Work task =>
Please repeat, exactly and without pictures, the lines of the entries below that run from the one containing "Used 2021 Toyota" through the one containing "Mercedes-Benz E W211".

Provided information =>
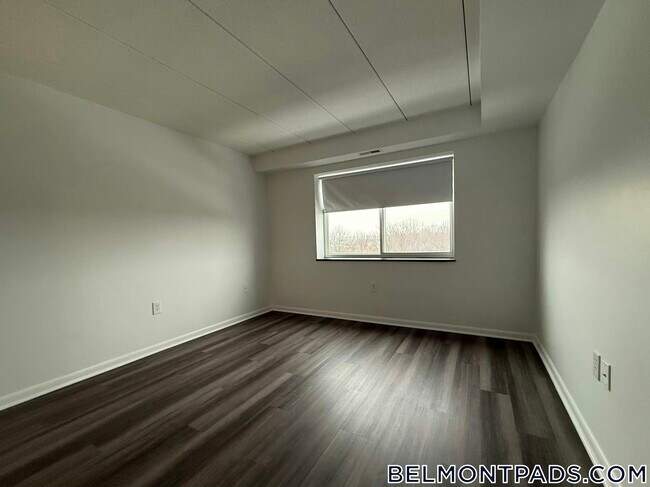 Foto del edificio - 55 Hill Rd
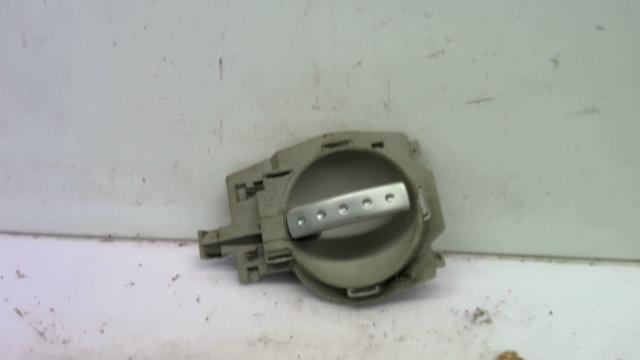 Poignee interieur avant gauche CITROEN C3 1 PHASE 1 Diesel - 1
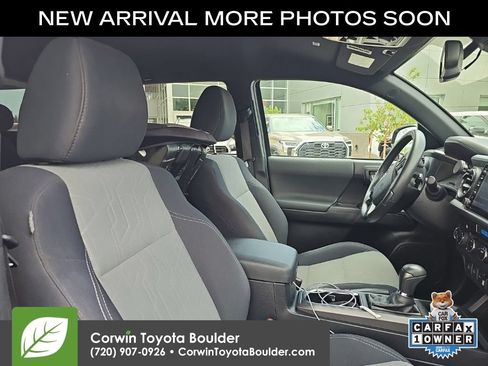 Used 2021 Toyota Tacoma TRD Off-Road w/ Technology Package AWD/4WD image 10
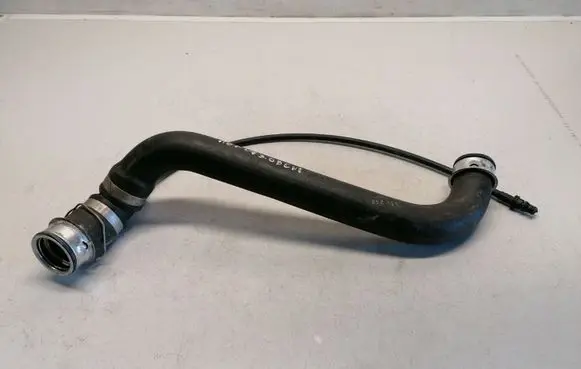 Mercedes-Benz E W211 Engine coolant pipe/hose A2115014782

---

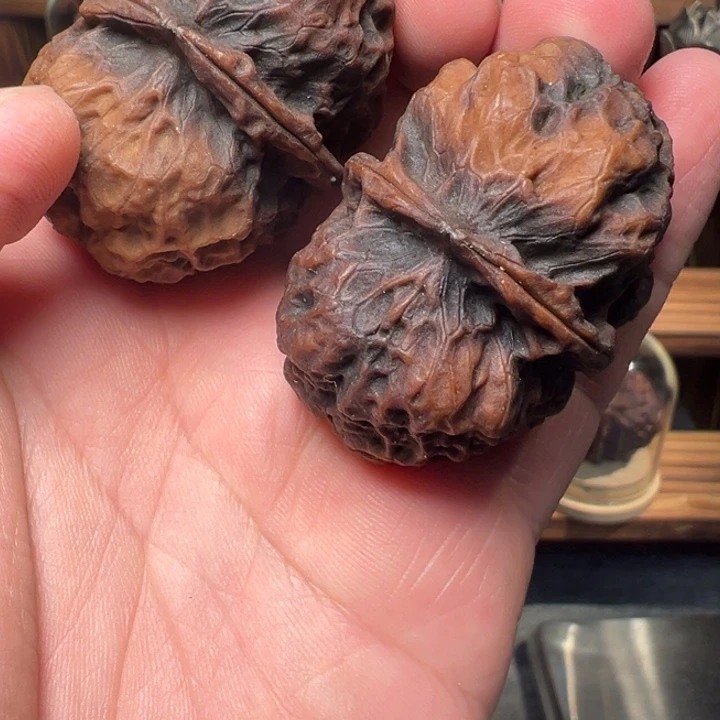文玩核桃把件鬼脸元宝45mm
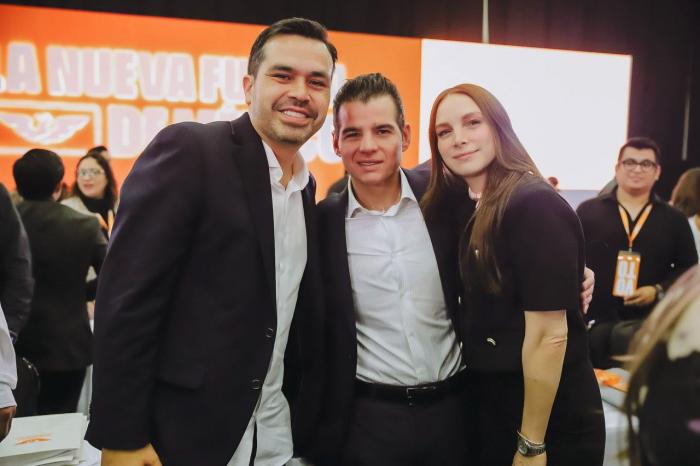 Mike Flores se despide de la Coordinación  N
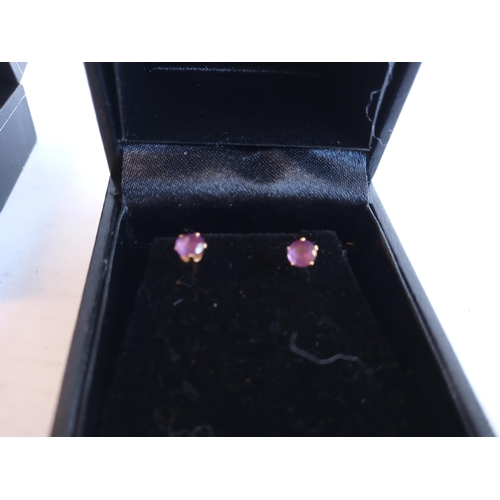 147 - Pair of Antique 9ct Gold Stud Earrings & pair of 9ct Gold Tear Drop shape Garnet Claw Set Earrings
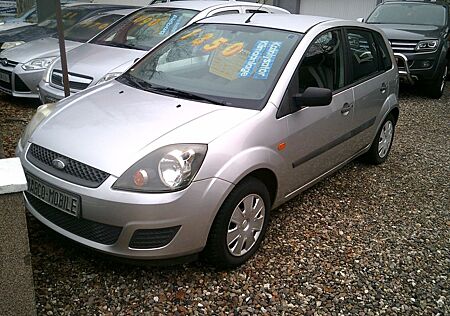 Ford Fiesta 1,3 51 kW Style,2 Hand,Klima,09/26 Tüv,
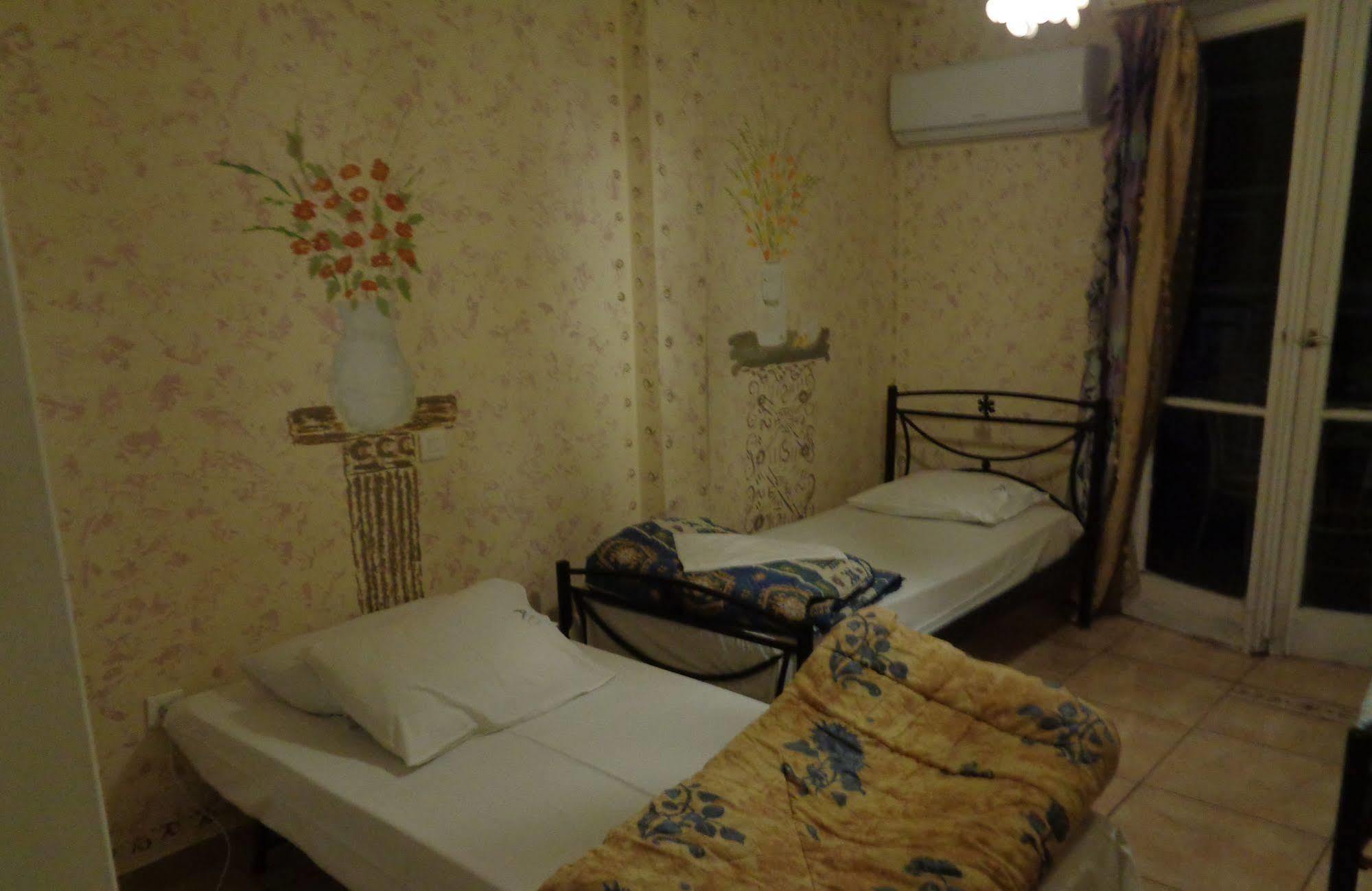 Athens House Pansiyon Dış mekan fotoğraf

Response area =>
 Used 2021 Toyota Tacoma TRD Off-Road w/ Technology Package AWD/4WD image 10
 Mercedes-Benz E W211 Engine coolant pipe/hose A2115014782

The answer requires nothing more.